Tip #3 – Carefully check applicable state laws for other forms of leave.

Where applicable state law provides employees with more rights than federal law, employees are generally entitled to the rights provided by state law. For example, although the FMLA applies only to employers with 50 or more employees, some state-specific family and medical leave laws apply to smaller businesses.

BONUS TIP – Stay up to date on regulations and guidance released under the Families First Coronavirus Response Act.

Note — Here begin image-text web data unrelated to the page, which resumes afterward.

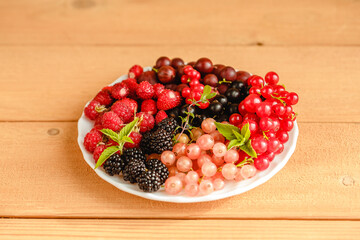 Assorted fresh summer berries. Raspberries, gooseberries, blackberries, currants, wild strawberries, strawberries.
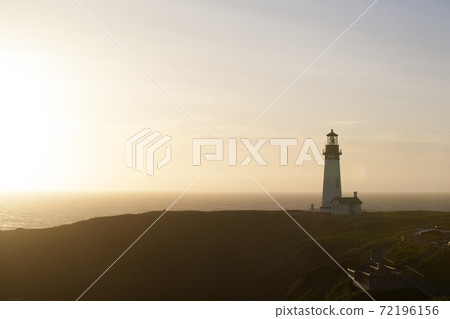 Seaside scenery with a lighthouse 72196156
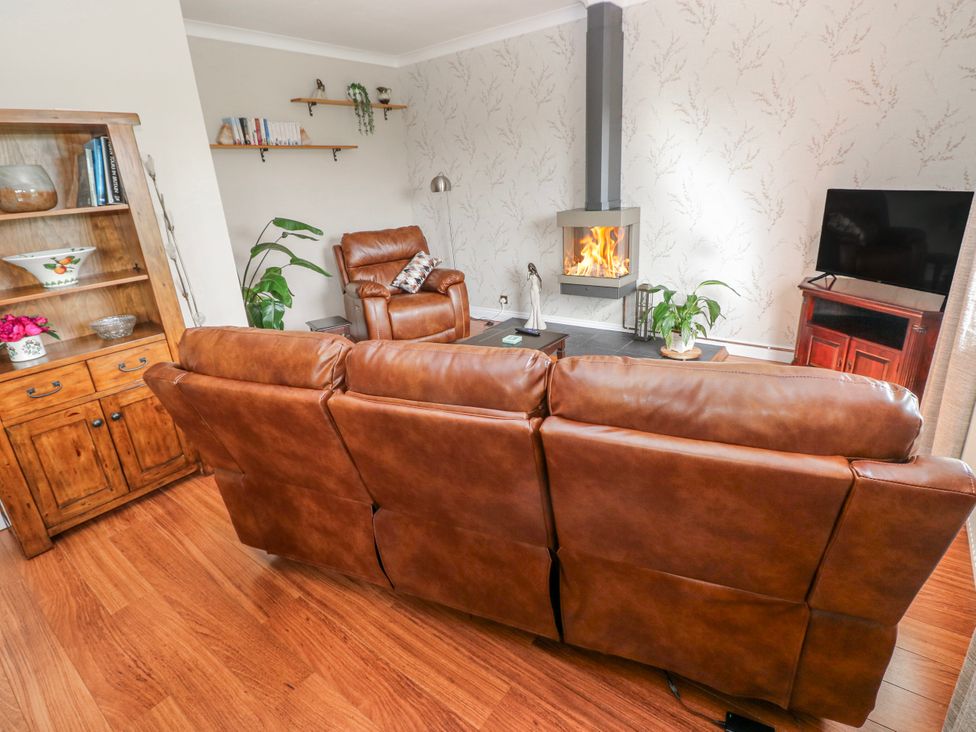 A living room with a fireplace and sofa at Harvest Hill in Letterston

According to recent DOL guidance, in 2020, employees have only one “bite at the apple” for the Families First Coronavirus Response Act (FFCRA)’s paid sick leave and expanded family and medical leave. For example, if an employee exhausted his or her 12 weeks of expanded family and medical leave due to school closings in March and April 2020, the FFCRA does not (presently) entitle the employee to another 12 weeks of expanded family and medical leave if schools are still closed in September. As another example, if an employee exhausted his or her two weeks of paid sick leave prior to being furloughed, the FFCRA does not entitle the employee to another two weeks of paid sick leave upon returning from furlough.

If you have any questions about any of the above, please contact Hall Benefits Law. We would love to hear from you, and the HBL team looks forward to serving as your risk management partner!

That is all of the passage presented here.